Le tour du propriétaire

Les fouilles conduites à Palaiseau et à Gif-sur-Yvette sur trois villae gallo-romaines permettent de reconstituer l’organisation caractéristique de ce type d’habitat.

La villa des Trois Mares à Palaiseau

Fondations en pierre d’un bâtiment appartenant à la villa gallo-romaine des Trois Mares, à Palaiseau © Denis Gliksman, Inrap

Le site des Trois Mares, à Palaiseau, a livré les vestiges de la pars rustica d’une villa gallo-romaine, soit l’espace dédié aux bâtiments fonctionnels de l’exploitation rurale, comme les granges et les étables. Ils se répartissent autour d’une cour occupée par plusieurs puits.

Sur la quasi-totalité des parcelles étudiées, entre le Ier et le IIIe siècle de notre ère, de nouveaux réseaux fossoyés sont mis en place, tandis que ceux issus des phases précédentes sont progressivement remblayés. Une architecture maçonnée émerge, en lieu et place des principaux bâtiments sur charpente de bois, bien qu’on puisse suggérer que certains perdurent. 
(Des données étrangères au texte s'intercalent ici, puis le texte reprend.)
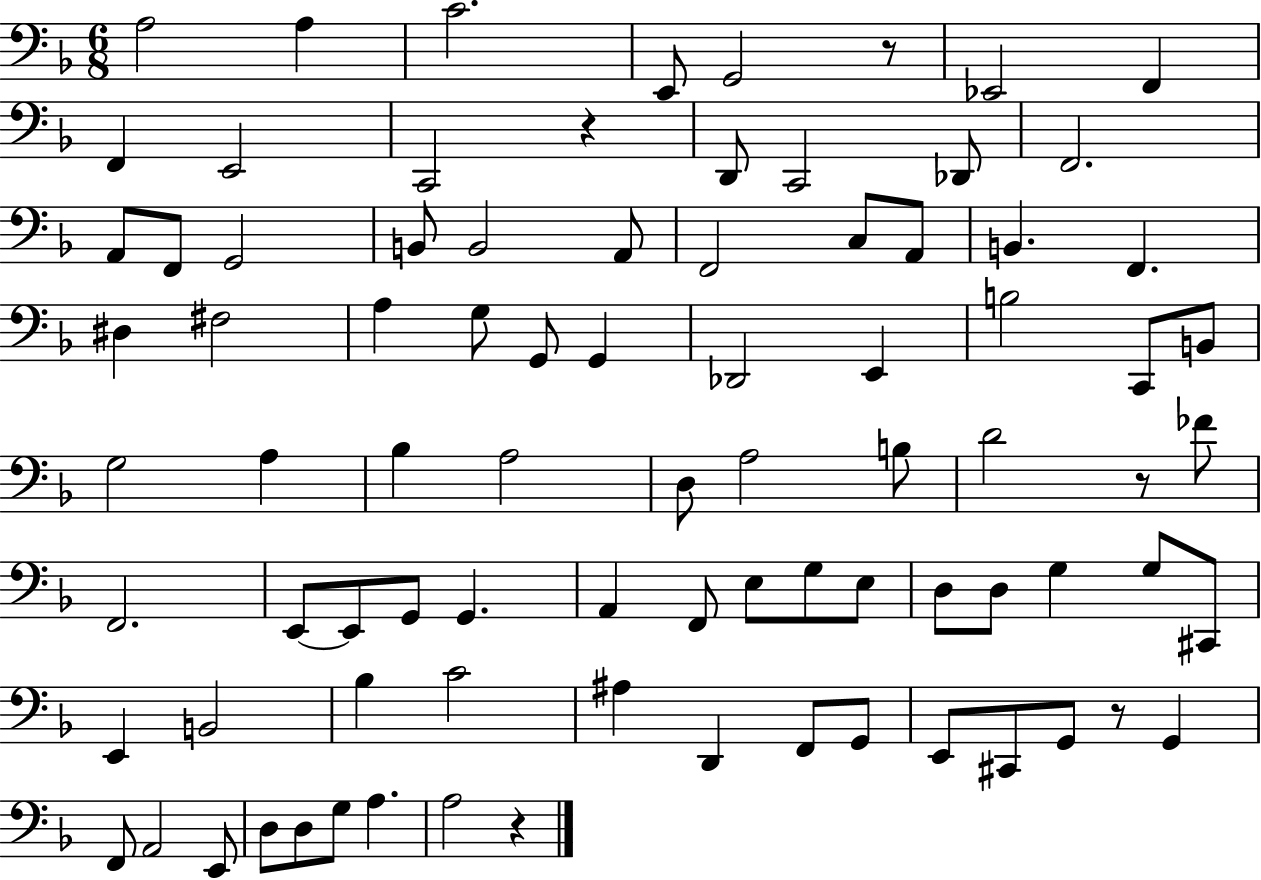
A3/h A3/q C4/h. E2/e G2/h R/e Eb2/h F2/q F2/q E2/h C2/h R/q D2/e C2/h Db2/e F2/h. A2/e F2/e G2/h B2/e B2/h A2/e F2/h C3/e A2/e B2/q. F2/q. D#3/q F#3/h A3/q G3/e G2/e G2/q Db2/h E2/q B3/h C2/e B2/e G3/h A3/q Bb3/q A3/h D3/e A3/h B3/e D4/h R/e FES4/e F2/h. E2/e E2/e G2/e G2/q. A2/q F2/e E3/e G3/e E3/e D3/e D3/e G3/q G3/e C#2/e E2/q B2/h Bb3/q C4/h A#3/q D2/q F2/e G2/e E2/e C#2/e G2/e R/e G2/q F2/e A2/h E2/e D3/e D3/e G3/e A3/q. A3/h R/q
Ces vestiges permettent d’entrevoir un établissement rural important, mais dont les limites et les spécificités fonctionnelles laissent encore de nombreux doutes, au regard de la mauvaise conservation du terrain et en raison de nombreuses incertitudes quant à la trame chronologique. De plus, la sphère résidentielle n’a pu être identifiée : il est fort probable que la pars urbana abritant la demeure du propriétaire se trouve plus au nord, en dehors de l’emprise des fouilles.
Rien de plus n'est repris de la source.